How parents can help children with special needs make friends in the classroom

. November 1, 2017.

We’ve all felt anxious and nervous as we send our kids off to school, hoping that they will learn and make new friends.  For parents of a child with special needs that anxious feeling may be compounded with worries of how other kids will treat your son or daughter.  We contacted, a website dedicated to providing resources for parents and teachers of children with special needs, to get ideas on how parents of children with special needs can help their children make friends at school.

Bridges4kids is run by Michigan parent volunteers including Carolyn Gammicchia, an expert on advocating for those with special needs. Gammicchia, whose 26-year-old son has autism, works as a parent mentor and advocate for families of children with special needs. She shares some tips for encouraging and supporting friendships.

Get involved

Gammicchia’s No. 1 tip for parents of children with special needs is to get involved.  Join the PTA, volunteer in the classroom and make sure your school sees you and knows you and your child.  Help your child get involved. Are there sports or extracurricular activities that interest your child? If so, work with teachers and coaches to make it possible for your child to participate. Being a part of a club or team will provide your child with a built in support group of peers.

More alike than not alike

When her son was in elementary school, Gammicchia created a 45-minute presentation focusing on the similarities that we all have and  took it to classrooms.  She had students fill out questionnaires, using their answers to discuss how we are all more alike than different— we all have families, fears, goals, needs and more.  The goal was to help the students see that each person is cool and has something neat about them.  This helps break down the notion that a disability is a barrier and helps children see that we all have things in common.

Create a group

Wanting to give her son opportunities to socialize on a smaller than whole-class scale, Gammicchia and her husband spoke with the classroom teacher and administrators and received permission to start a group they called “Friends at Lunch.”  The group consisted of four to six children, one of whom was always her son. The other participants rotated through the class members.  One day a week they would eat lunch together and maybe play a game during the lunch period.  Carolyn was surprised at how much all of the children loved this program.  Each one looked forward to their turn to participate and by getting to know her son better the whole class became more accepting and cohesive.

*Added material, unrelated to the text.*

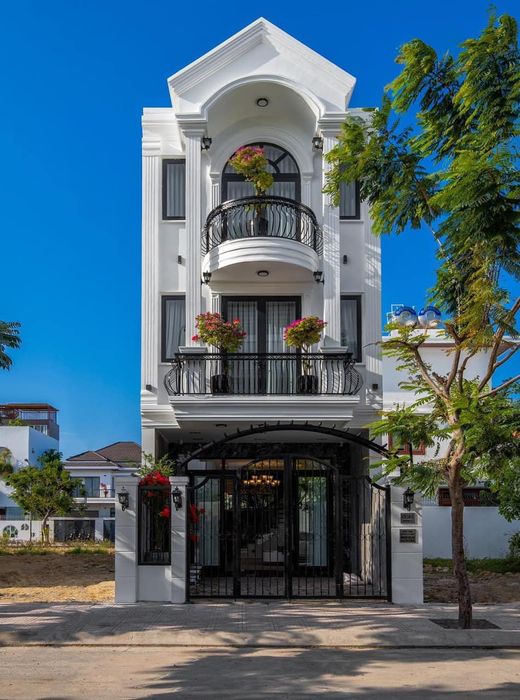 xây nhà trọn gói Bến Tre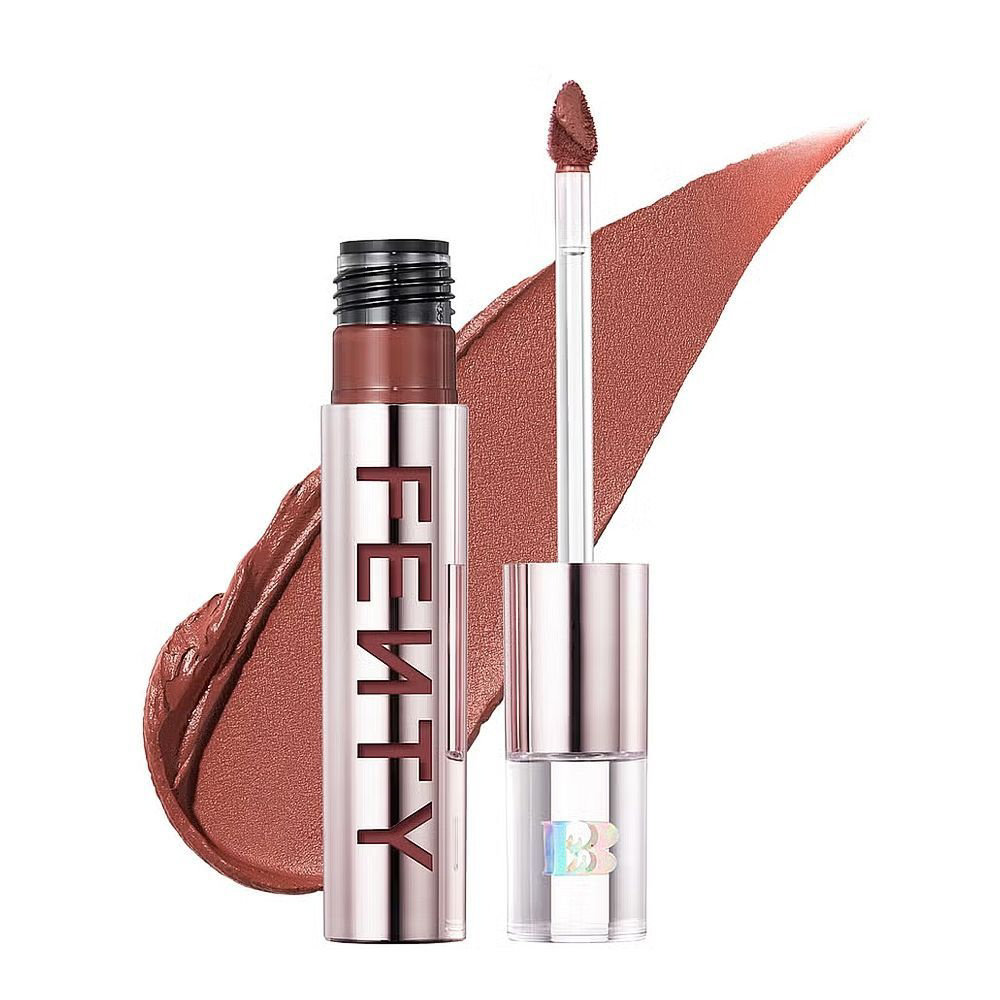 Picture of Fenty Icon Liquid Lipstick #09 Truth Fairy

Parents who want to start a similar group should seek support of their local school.

Find your support community

Gammicchia encourages parents to use the 3 C’s: communication, collaboration, and compassion.  She suggests finding a peer group or support group so you can share your stories and brainstorm, creating a natural circle of support within your community.  You never want your children to think they are a burden; by having the support of others, you will be able to better meet your child’s needs with compassion.